Mitten aus diesen Erinnerungen an eine vergangene Zeit riß uns, als wir zum ersten Male die Brücke betraten, der Anblick einer Prozession, die langsam und feierlich von der Seite der Stadt daherzog, während vom Palazzo Pitti ein Bataillon Truppen mit klingendem Spiele herankam. Wunderbar mischten sich die feierlichen Töne der Kirchenmusik mit dem hellen Jubel der kriegerischen Fanfaren. Aber diese verstummten urplötzlich. Ein lauter Trommelwirbel erscholl, das Heilige begrüßend. Die Fahne ward gesenkt, die Soldaten entblößten das Haupt und knieten nieder. Die Offiziere verbeugten sich, als wollten sie hinknien, die Degen zur Erde neigend; und mit stolz gehobenem Haupte und siegendem Blick das kniende Volk betrachtend, schritten die demütigen Diener der Kirche in ihren reichen, goldgestickten Gewändern vorüber. Der näselnde Gesang der Menge, die der Prozession folgte, klang mit dem Kommando der Offiziere zusammen und mischte sich in den Ausruf der unzähligen Hausierer, welche Eßwaren, Kleiderstoffe, Eisen- und Tongeräte, alte und neue Bücher auf flachen Karren umherfahren. Zwischen all dem Treiben drängen sich schlanke, leichtfüßige Blumenmädchen rührig hindurch, den Männern mit freundlichem Wort und flammendem Blicke ihre Sträuße von Rosen, Verbena und Heliotropen und die weißen Tuberosenbuketts anzubieten, aus deren Mitte die dunkelroten Nelken so poetisch hervorglühen.

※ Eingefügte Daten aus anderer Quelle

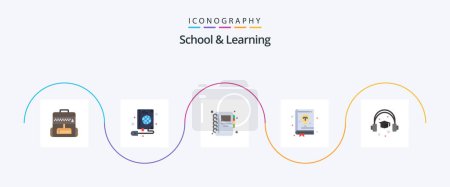 Ilustración de School And Learning Flat 5 Icon Pack Including . education. notebook. cap. guide - Imagen libre de derechos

Aber schönere Blumen, schönere Sträuße als in Florenz mag es kaum geben. Keine zierliche Frau erblickt man ohne einen Strauß, kaum einen jungen Mann ohne eine Blume im Knopfloch. Es sind die Orden, welche der schöne König Sommer hier, wo er so lange residiert, freigebig verteilt, und sie erregen nicht Haß, nicht Neid, nicht brennenden Ehrgeiz, noch ränkevolle Intrigen. Ein jeder labt sich daran, und als freundlicher Gruß, als Liebeszeichen wandern die Sträuße von Hand zu Hand. Man bindet sie leichter, freier als in dem übrigen Italien und doch wieder plastischer als bei uns. Hier fühlt man wohl, wie Goethe seinen »Neuen Pausias« dichten lernte, und freut sich des lebenskräftigen Genius, dem jeder Moment des Lebens sich so zum schönen, geistigen Bilde gestaltete.